U.K. foot-and-mouth same as August strain

Published 14 September 2007

Initial tests show that the foot-and-mouth strain found in cows near Egham is the same as the strain found in August; if results hold, farmers can hope disease could be contained in a small region

Britain’s latest foot-and-mouth outbreak is the same strain as last month’s, according to initial test results Thursday. Farmers can now begin to hope the disease could be contained in a small region. AP reports that if the strain turns out to be different, Britain’s farmers, who have already suffered from the earlier outbreak as well as floods this summer, could lose more of their livestock. In a larger outbreak in 2001, thousands of cattle, sheep, and pig carcasses were burned on large pyres across the country. The farming industry lost millions in revenue.

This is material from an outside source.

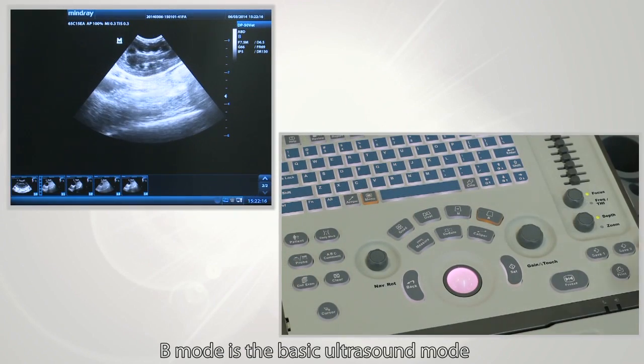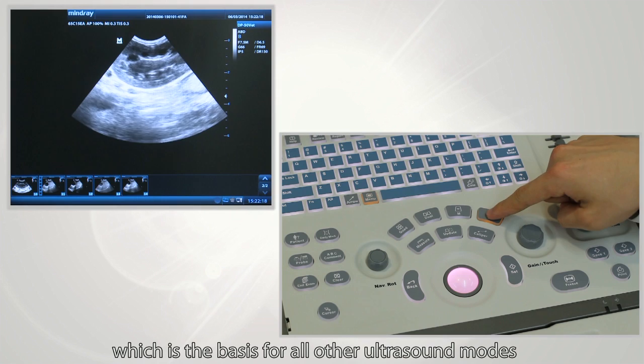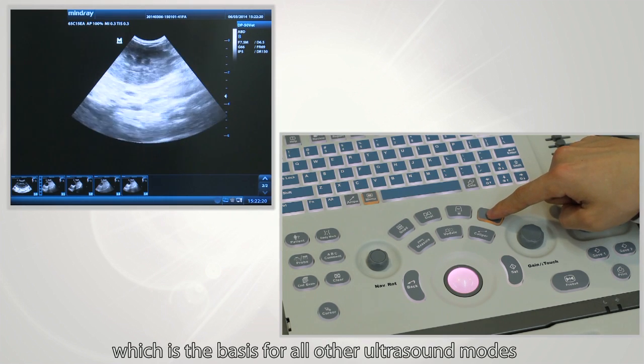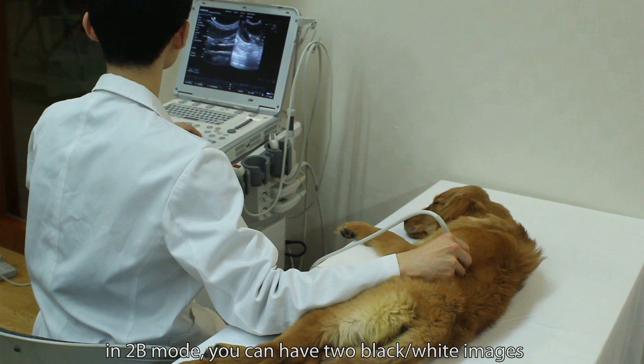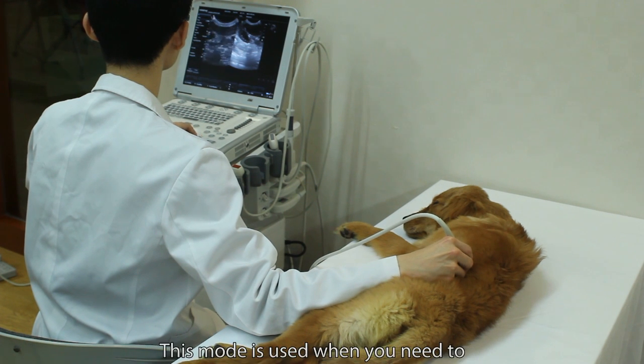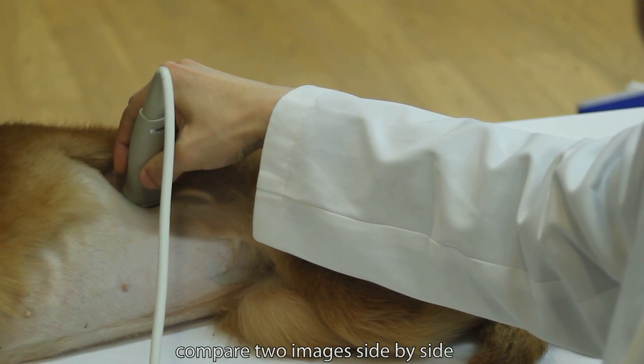B-mode is a basic ultrasound mode and is the basis for all other ultrasound modes. In 2B-mode, you can have two black and white images. This mode is used when you need to compare two images side by side.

A nationwide ban for the movement of livestock is in effect. The EU has also suspended all British livestock movement. “The whole of England is back at a standstill. This is very bad news for the British farming industry,” Sally Shepherd, a farmer in Surrey, told the BBC. Restrictions on the cattle industry had only been lifted for five days, when the latest case of foot-and-mouth was discovered in cattle grazing in the county of Surrey, about ten miles from the laboratory that was linked to the August outbreak. The government denied claims that the country’s chief veterinarian, Debby Reynolds, was pressured by political and economic interests to lift restrictions early following the first outbreak of the disease in August. “This was a decision that was made on the basis of scientific evidence,” Prime Minister Gordon Brown’s official spokesman, Michael Ellam, told reporters. The government said it waited thirty days after confirming the last known case of the disease before giving the all clear.

Foot-and-mouth has an incubation period of between two and fourteen days in animals, but it can survive for up to fifty days in water and can be transferred by tractors and other farm vehicles. Some experts said the government should vaccinate animals to prevent the spread, not simply rely on slaughter. “You attempted to control this by slaughter policy alone, it clearly has failed,” said Robin Maynard, a spokesman for the Bristol-based Soil Association, an independent group that certifies organic farms. If the government decides to vaccinate the animals, however, it would take longer to resume crucial meat exports to the EU.

The government set up a six-mile containment zone around the farm near Egham that includes Heathrow Airport and Queen Elizabeth II’s Windsor Castle. Egham is twenty-five miles from London. The August outbreak was centered near the government-funded Institute for Animal Health, a diagnostic laboratory, and vaccine maker Merial Animal Health, a British unit of the U.S.-French pharmaceutical firm Merial Ltd. The government imposed a nationwide ban on all livestock movement, and ordered the slaughter of 300 cattle and pigs in the affected area, Reynolds said. The European Union imposed its own ban on livestock movements from Britain.